> **TASK DETAILS**
Reproduce the lines below verbatim. Pictures are to be omitted.
-------- INPUT DATA --------
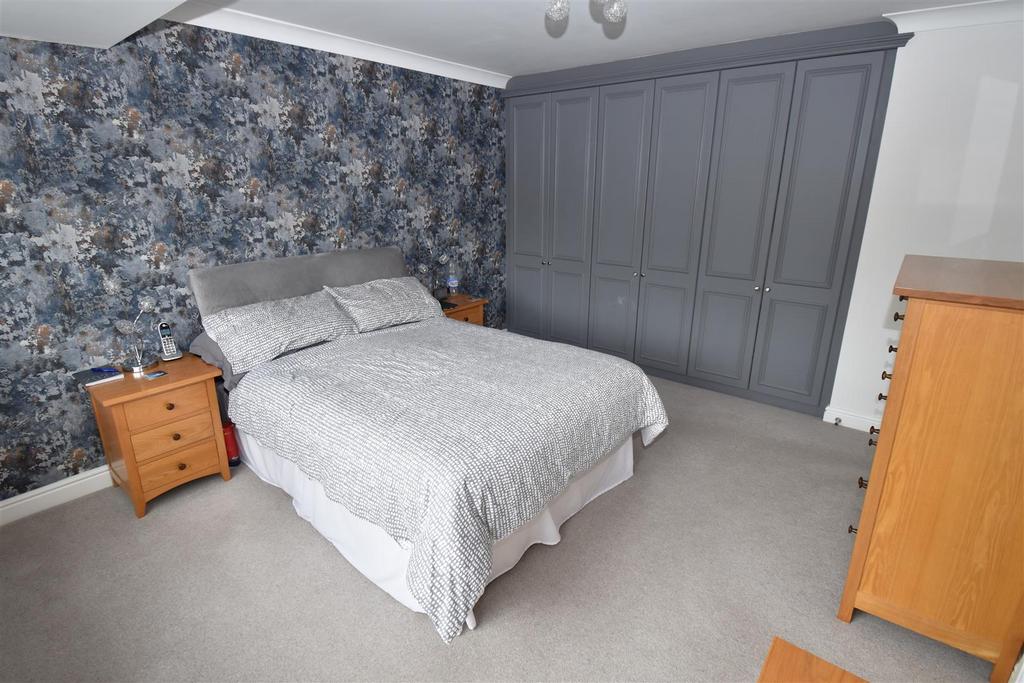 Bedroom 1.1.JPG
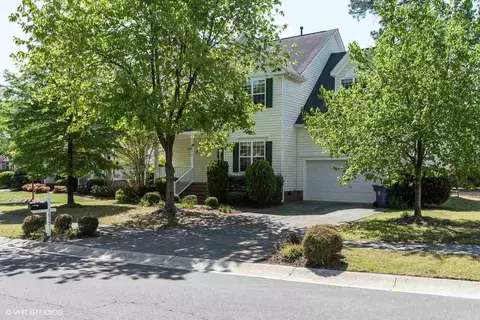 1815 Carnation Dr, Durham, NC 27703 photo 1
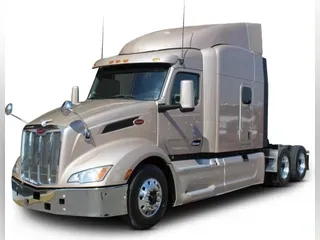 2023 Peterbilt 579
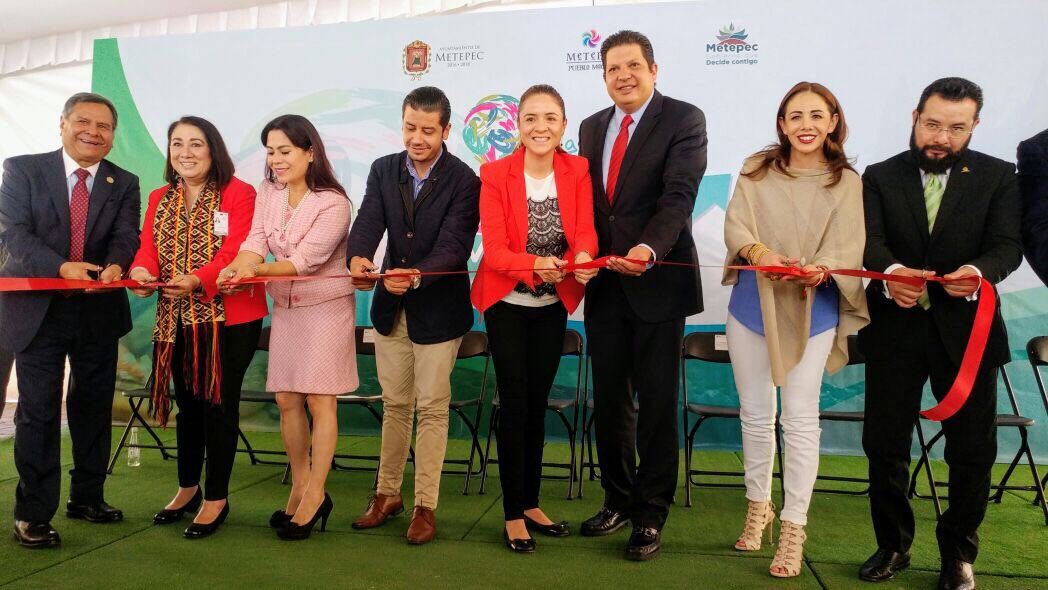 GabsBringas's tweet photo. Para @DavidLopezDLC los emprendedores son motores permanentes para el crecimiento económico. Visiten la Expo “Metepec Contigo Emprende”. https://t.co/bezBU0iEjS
--------
> **YOUR SOLUTION**
 Bedroom 1.1.JPG
 1815 Carnation Dr, Durham, NC 27703 photo 1
 2023 Peterbilt 579
 GabsBringas's tweet photo. Para @DavidLopezDLC los emprendedores son motores permanentes para el crecimiento económico. Visiten la Expo “Metepec Contigo Emprende”. https://t.co/bezBU0iEjS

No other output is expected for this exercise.